Nazi Scum Off Our Streets: Hear, Hear!

TOM ARMSTRONG

On 13 September 2025, the streets of London hosted the drama of over a million peaceful, patriotic demonstrators calling for tighter borders and a renewed defence of British identity and sovereignty. Nobody who was there will doubt the size or the general good nature of the Patriots. There were black patriots, brown patriots, and a sizeable number of Oriental patriots. The only remotely unpleasant chant was a mocking ‘Kier Starmer’s a Wanker.’ In short, the Patriots were generally welcoming, good natured and civilised.

The contrast with the small gaggle of about 5,000 counter-protesters was stark. Many were hate-filled, snarling and masked, from the mysteriously well-funded likes of Stand Up To Racism, Unite Against Fascism, Antifa and their assorted allies. The chants rang out with the predictability of a script written for simpletons: “Nazi scum off our streets” repeated endlessly. Placards were waved, insults were hurled, and a few scuffles broke out. For the cameras, the ‘anti-fascists’ posed as defenders of democracy against the menace of the Far Right. And of course, this is how the MSM presented it, while inflating the anti-fascist numbers and deflating the Patriot’s.

Looking at videos of the march, one by a US journalist showed him getting in amongst the heroes of the MSM and, choosing a relatively normal looking one, asked him a few questions, starting with what he meant by the Far Right. Straightaway came the answer: ‘fascists.’ So, asked the reporter, how do you define fascist? A pause, a look around for help, another pause, and then it hit him ‘racists’ he declared triumphantly, thus demonstrating yet again the ignorance of the Left. Soon, as the crowd around sensed a lack of sympathy from the reporter, they demonstrated that other main characteristic of the Left – viciousness, as they began to accuse him of being a fascist.

Nobody with any knowledge of fascism will miss the irony. The very groups shouting “Nazi” behaved with the same spirit and tactics that Mussolini’s black shirted squadristi and Hitler’s brown shirted Sturmabteilung pioneered almost a century ago, marching under banners, chanting in lockstep and using the same intimidatory tactics. The irony is sharper still, for the Nazi and the fascist movements, like today’s Leftist protesters that claim to oppose them, were themselves born out of socialism, regarding their movements as superior, more evolved forms of socialism.

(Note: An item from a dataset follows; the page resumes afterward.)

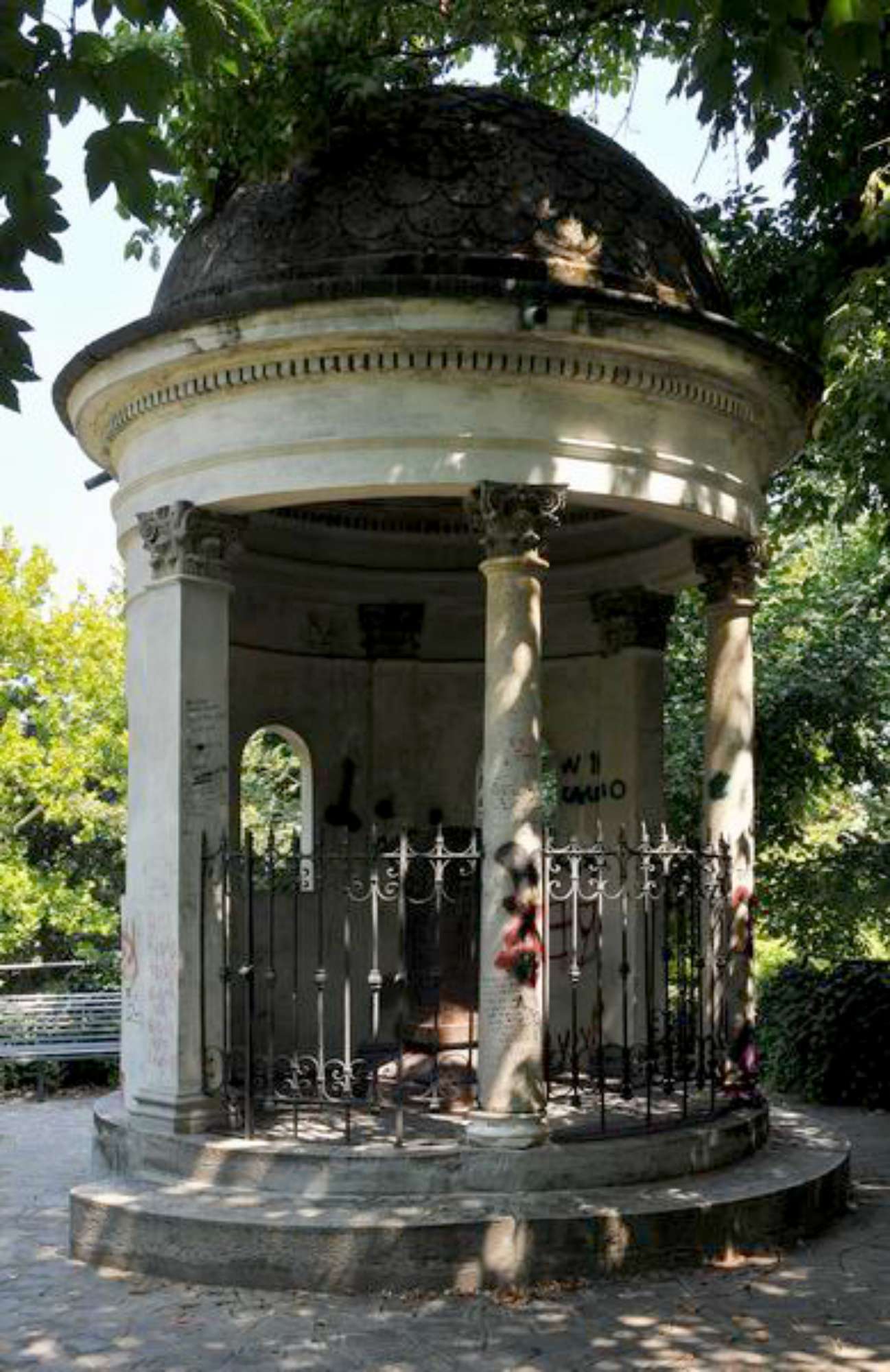 il tempietto che ospitava il busto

The Nazi Party’s name was not an accident, nor a cynical trick. The Nationalsozialistische Deutsche Arbeiterpartei declared its programme openly in 1920, demanding the nationalisation of industries, the confiscation of war profits, state-directed welfare, and sweeping land reforms, policies remarkably similar to Jeremy Corbyn’s and those of The Socialist Workers Party. Hitler himself boasted in a 1927 speech: “We are socialists, we are enemies of today’s capitalistic economic system for the exploitation of the economically weak, with its unfair salaries, with its unseemly evaluation of a human being according to wealth and property instead of responsibility and performance.” Once in power, he enacted vast public works programmes such as the Autobahn, created the National Labour Service to conscript men into state work, abolished independent unions and replaced them with the German Labour Front, and rolled out Kraft durch Freude, the largest state welfare programme in Europe. It was not laissez-faire capitalism that defined the Third Reich but a collectivist, statist order in which the economy was subordinated to the State. What made it distinct from Stalin’s globalist Bolshevism was the marriage of socialism to racial nationalism. This was socialism with a nationalist twist. So yes, National Socialism was racist. But Mussolini’s fascism was not.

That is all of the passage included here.